The man responsible for most of your password headaches was wrong, and he's sorry


In 2003, Bill Burr, a manager at the U.S. National Institute of Standards and Technology, wrote an 8-page paper titled "NIST Special Publication 800-63. Appendix A." That document — which suggested people come up with obscure passwords with capital and lower-case letters plus symbols and change their passwords often — became the cornerstone of corporate password management and internet security conventional wisdom for more than a decade. Now, Burr, 72 and retired, has a confession and an apology, The Wall Street Journal reports. "Much of what I did I now regret," he said.
When he wrote those guidelines, Burr tried to find empirical data to base his recommendations on, but there wasn't any available; he also says he was under pressure to complete his paper quickly. But thanks to years of massive hacks and leaked passwords, researchers can see what kind of passwords people are using, and it turns out, people aren't as clever or original as they think. "Changing Pa55word!1 to Pa55word!2 doesn't keep the hackers at bay," notes the Journal's Robert McMillan.
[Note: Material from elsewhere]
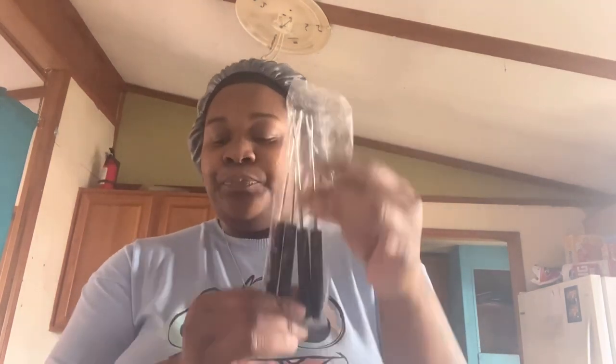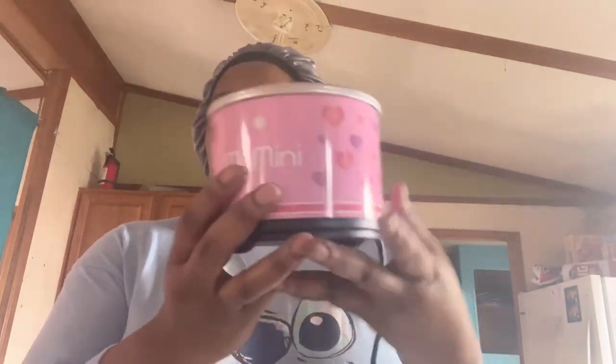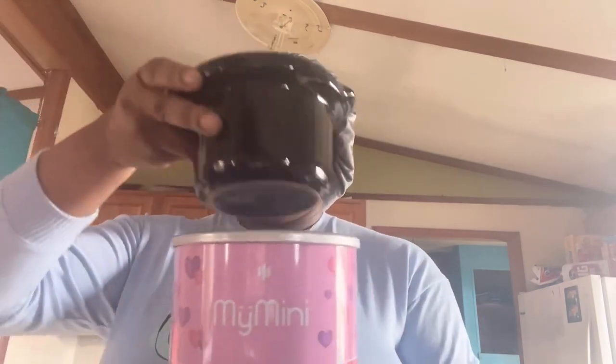So little Gisela unboxing — well it's already unboxed. But it comes with a thank you little card, it comes with four forks, it comes with the glass thing for the gold inside where you put whatever it is that you're melting. And of course the heat itself. So this is what I was talking about — you put your black bowl in the inside like that. And a lid.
In June, NIST published a revised version of Burr's document, with much of his advice excised. After expecting to do a light edit, "we ended up starting from scratch," says Paul Grassi, who led the two-year review and rewrite. Now, the best practice is to come up with a long and easy-to-remember password and change it only if there's evidence of a security breach. In a widely shared cartoon, Randall Munroe accurately estimated that a Burr-type password like "Tr0ub4dor&3" could be cracked in three days, while four common words jammed together — "correcthorsebatterystaple" — would take 550 years to crack. You can go change your passwords now, and read more at The Wall Street Journal.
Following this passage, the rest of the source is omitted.